CINCINNATI -- John Lackey believed his pitches were strikes. The home plate umpire disagreed and ended the St. Louis Cardinals starter's night early.
Lackey couldn't hold a two-run lead before he was kicked out by umpire Tom Hallion, and the Cardinals went on to a 4-2 loss to the Cincinnati Reds.
Todd Frazier drove in Chris Heisey with a single in the first, and Ryan Ludwick tied it for the Reds in the second with his ninth homer and first since Aug. 17 -- a 374-foot shot into the left-field seats.
Lackey was ejected four pitches into the third inning.
"Lackey was told to quit arguing balls and strikes," Hallion said. "He continued to argue."
Lackey was surprised by the ejection.
"I'm not really sure," Lackey said. "I threw a ball that was up. I said 'That's up, the other one's not down.' He started yelling back toward me. I got back up on the mound and said 'Whatever.' There's no way he could have heard what I said. I didn't say any cuss words toward him.
"He saw my mouth moving and threw me out. It was unexpected, for sure.
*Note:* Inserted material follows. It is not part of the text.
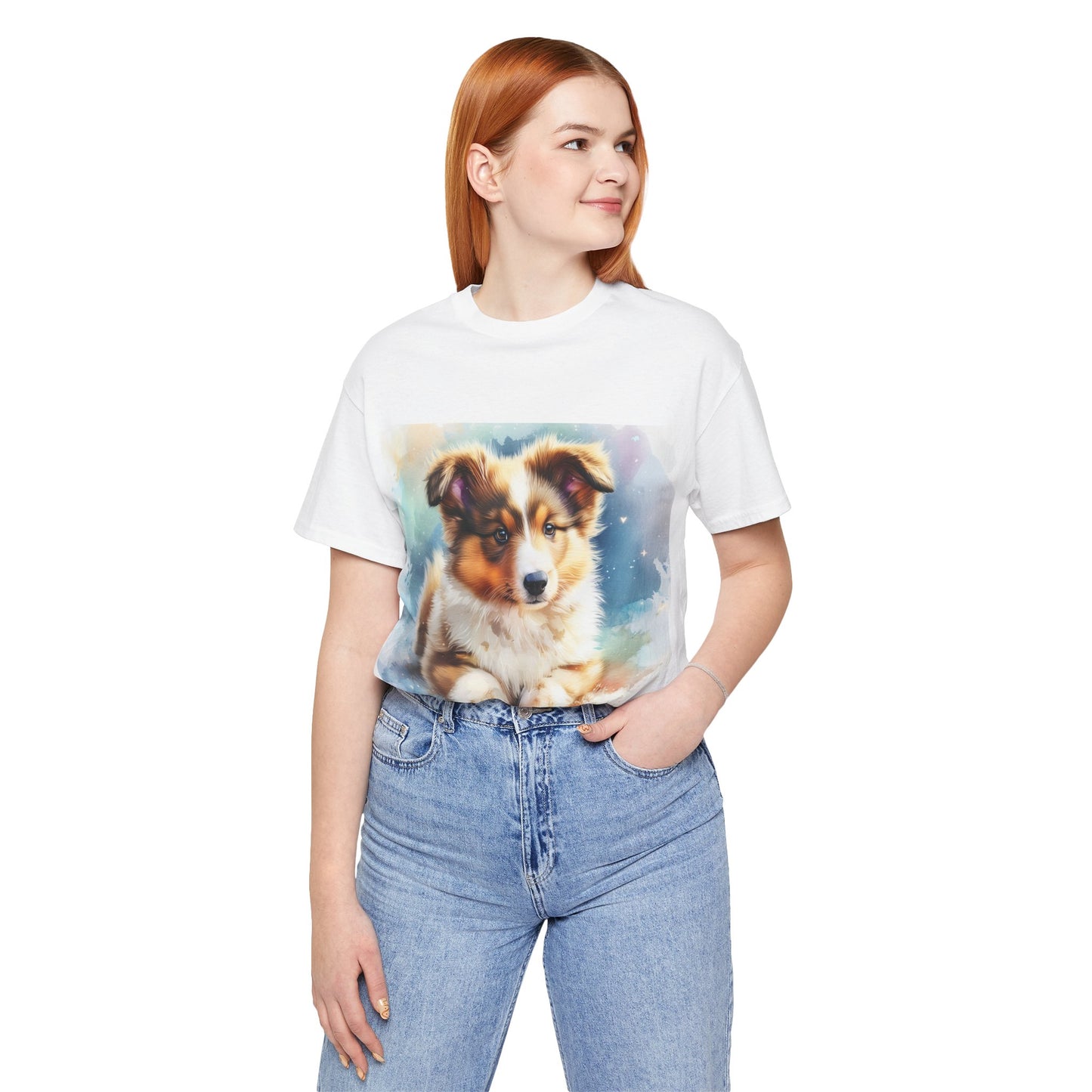 Watercolor Shetland Sheepdog Unisex Jersey Short Sleeve Tee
I've been thrown out a few times throwing balls at people, but never for something like this."
Cardinals manager Mike Matheny went out to diffuse the situation, but was too late.
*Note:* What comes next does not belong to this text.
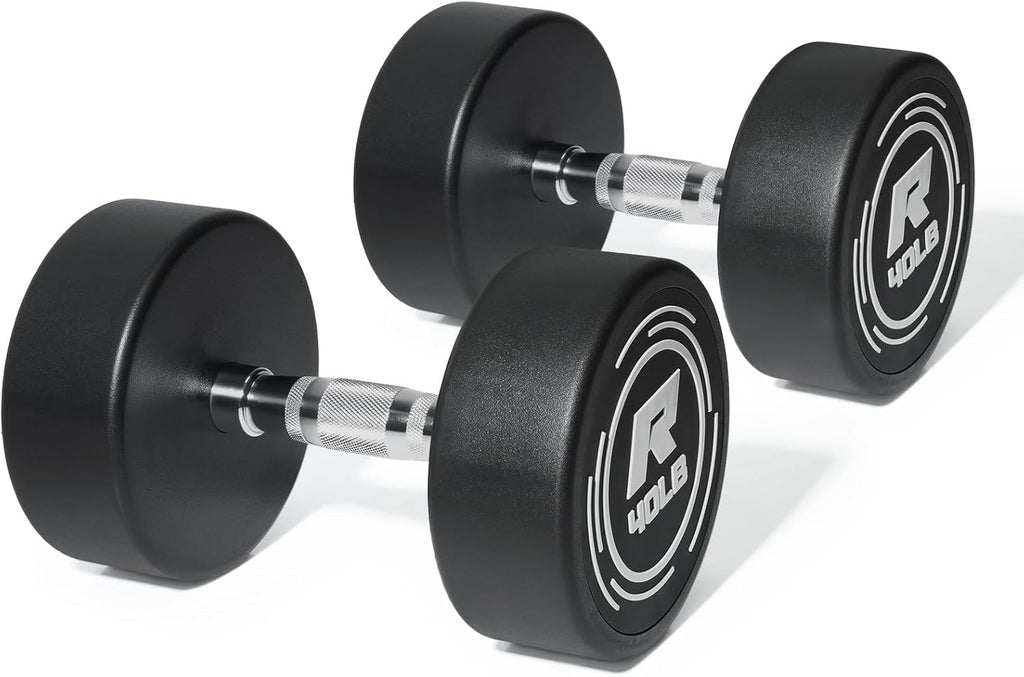 RitFit 5-250 LBS PVC Encased Round Dumbbell sets with Knurled Handle and Optional Rack, Strength Training Equipment for Home Gym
"He's a guy that lets his emotions fly out there," Matheny said of Lackey. "He was frustrated on a couple pitches, one borderline high, one borderline low, that got him a little fired up. It wasn't the first exchange. The umpire took exception to it.
"The umpire told him no more, and he gave him more. We've seen that basically every start. Part of it is his intensity. We don't want to take the emotions out of it. We want them having that edge. Some umpires take it better than others."
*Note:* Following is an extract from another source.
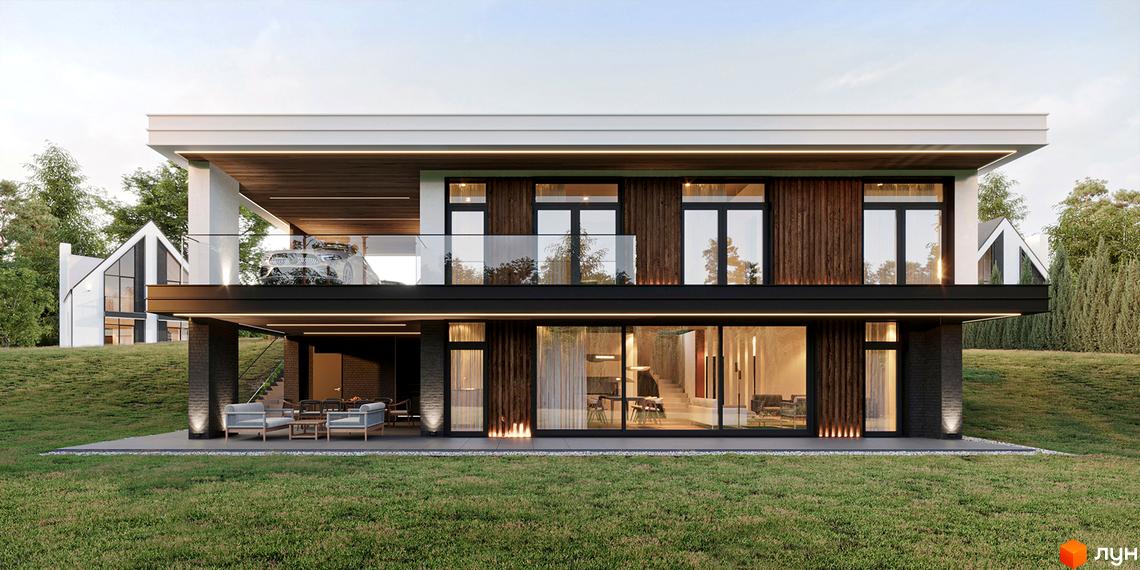 Котеджне містечко QP - двоповерховий будинок з дерев'яним фасадом та скляними елементами, розташований на схилі, оточений зеленню. Перед будинком облаштований двір з місцями для відпочинку.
Alfredo Simon shook off a rough start but lasted seven innings and drove in the go-ahead run with the second of his two doubles.
Tyler Lyons (0-4) took the loss after Lackey was kicked out.
The Reds have won back-to-back games for the first time since Aug. 27-28 against the Chicago Cubs. The Central Division-leading Cardinals hadn't sustained consecutive defeats since a four-game losing streak from Aug. 26-30.
With the game tied 2-2, Jay Bruce led off the Reds' fourth inning with a bloop single. Simon, who entered with one career double, went the opposite way into the right-field corner to drive in Bruce with the go-ahead run.
Brandon Phillips added a bases-loaded, run-scoring single in the fifth to make it 4-2.
Simon (14-10) allowed five hits and two runs with three walks and five strikeouts for his second win in eight decisions over 11 starts since the All-Star break.
Sam LeCure and Ryan Dennick pitched the eighth, and Aroldis Chapman worked a perfect ninth for his 32nd save.
Simon retired the first two batters of the game before the Cardinals scored two runs. Matt Holliday walked and scored from first on Matt Adams' double. Oscar Taveras followed with a run-scoring single.
Cardinals: Matheny got no argument from SS Jhonny Peralta when the veteran was given Wednesday off. Peralta missed just three of St. Louis' first 145 games. "He wants to finish strong," Matheny said. "He's answered the bell."
Reds: RHP Pedro Villareal's status remained day-to-day after he was hit in the right forearm by Holliday's sharp one-hopper in the ninth inning of Monday's 5-0 loss.
Cardinals: Lance Lynn tries to improve to 4-0 in four 2014 starts against Cincinnati in today's series finale.
Reds: Johnny Cueto will look to avoid dropping to 0-3 in three starts this season against St. Louis.
The ejection was the fourth of Lackey's career and first since 2009 when he was with the Angels and ejected two pitches into a game with Texas for throwing at Ian Kinsler.
The Cincinnati Reds acquired from Milwaukee minor-league RHP Kevin Shackelford and RHP Barrett Astin on Wednesday as the two players to be named in the Aug. 31 trade that sent RHP Jonathan Broxton to the Brewers.
Bryan Pena was thrown out at home by Matt Holliday in the fifth inning. It was the 27th Reds runner thrown out at home this season without a force, pickoff, or caught stealing according to baseball-reference.com. The Dodgers are second with 25 runners thrown out at home.
Simon hit two doubles in the game. He is the first Reds pitcher to do that since Pete Schourek in September 1995 against Montreal.
Jon Jay took over the National League lead in getting hit by a pitch with 18, one more than Holliday.